Летом пиявки одно из бедствий Сиккима, но зимой по причине холодов их почти не видно. Эти пиявки зазимовали под листьями и были пробуждены теплотою наших тел. К несчастью, они присасываются без боли, которая является лишь потом. Отрывать их трудно и больно, только при помощи соли мы могли отделаться от них, и остальную часть ночи провели в большом безпокойстве.
На следующий день (18 января), подкрепившись утрем крепким чаем, мы сделали большой переход.
Утреннее солнце ярко освещало покрытые свежим снегом вершины гор. Гора Кашендцонга особенно выделялась своей снежной головой. Ее видно буквально из каждого места Сиккима; не мудрено, что сиккимцы считают ее стражем страны. Дорога была удобная и хорошая, в далеке выделялись, уже типичные для Тибета, лишенные растительности горы. На полдороге мы перебрались через рукав реки по оригинальному висячему мосту. Мост состоит из трех положенных бамбуковых стволов, по одному идут, а за два других держатся руками.
Надо быть очень ловким, чтобы с ношей пройти через такой мост, для животных же он совершенно недоступен. Видно было по всему, что здесь нет прилежных непалийцев. Даже и сиккимцев встречалось мало, а больше были лепчи. После полудня мы остановились в живописной долине, в полумиле от деревни Тсантонг, к великому негодованию Латена и Сатаны, которые не могли достать пива. Они никак не могли понять моего пристрастия к ночевкам под открытым небом.
Когда я с ними пререкался на счет остановки, я услышал странный шум в кустах. Мысль о шпионах и сыщиках невольно мелькнула у меня в голове, но, к нашему удивлению, из кустов вышла корова, постояла один момент и затем тяжело рухнула на землю.

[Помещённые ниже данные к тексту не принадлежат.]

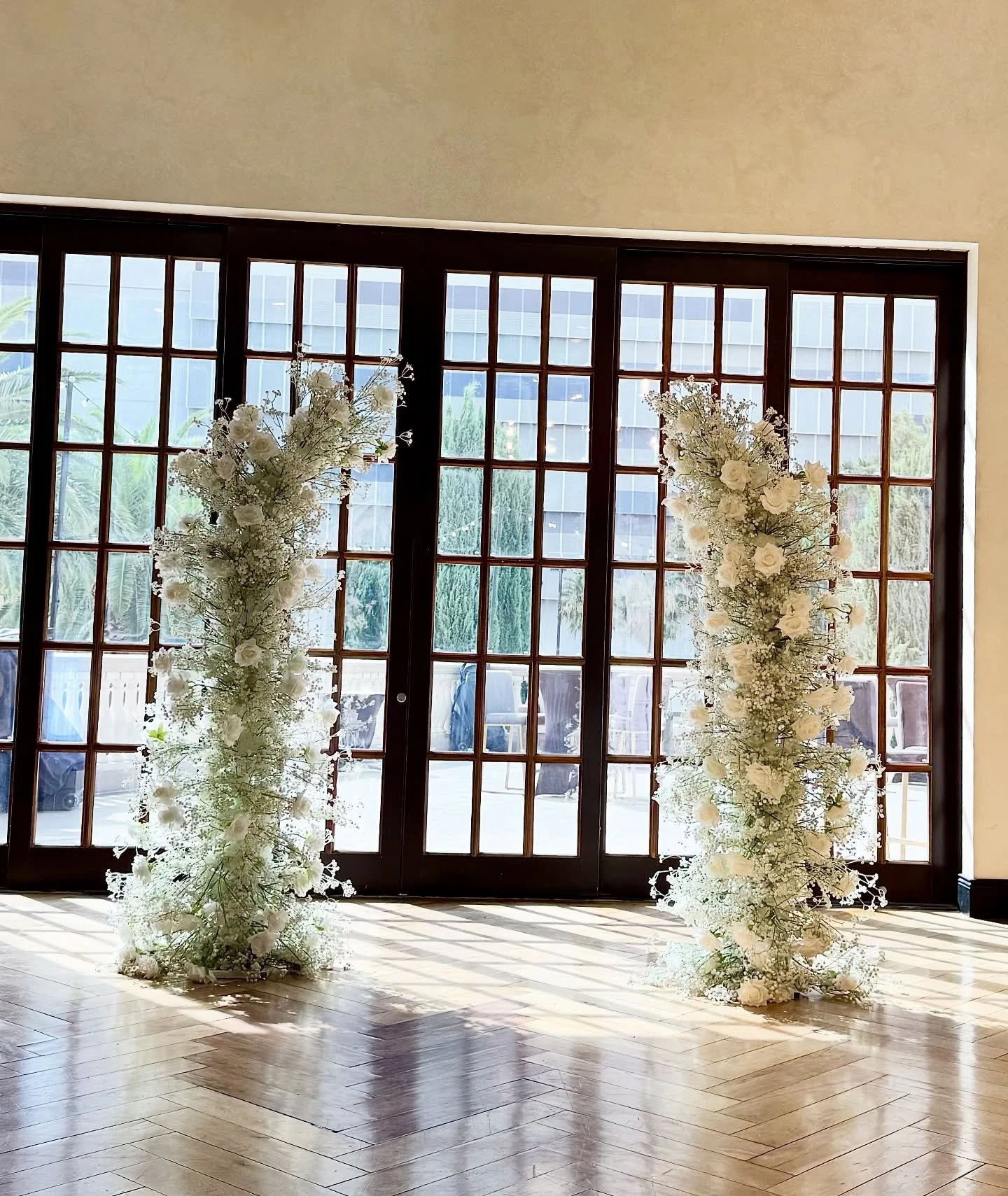 An elegant and on trend baby&rsquo;s breath horn flower arch. 🕊️ White roses and baby&rsquo;s breath make our Love Wins flower arch a show stopper! Perfect for wedding ceremonies, sweetheart tables, proposals, corporate events, and bridal showers. P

Ее, очевидно, бросили пастухи, как безнадежно больную, и, услышав наши голоса, она поднялась и пришла, расчитывая найти помощь от людей, — чувство, присущее животным по отношению к их господину — человеку.
Слуги хотели было вырезать от нея кусок мяса, но я запретил, и мы с большими усилиями оттащили труп от места нашей стоянки.
На следующий день (19 января) мы проснулись очень рано, так как мне хотелось еще до наступления света пройти через деревню и правительственный пограничный пост Тсантонг. Я знал, что обычно здесь переписывали всех проходящих людей, и не хотел подвергнуться опасной регистрации: сделать это было тем труднее, что дорога идет прямо через деревню. Мы шли, соблюдая полную тишину, и я молил всех индусских богов, чтобы какой-нибудь из наших мулов не начал брыкаться и кусаться в неподходящий момент. Все, однако, прошло благополучно; уже потом я узнал, что после того, как стало известно, что я пробрался здесь, полицейские власти Тсантонга были вызваны в Ганток, посажены в тюрьму и удалены со службы, за то, что не могли захватить меня.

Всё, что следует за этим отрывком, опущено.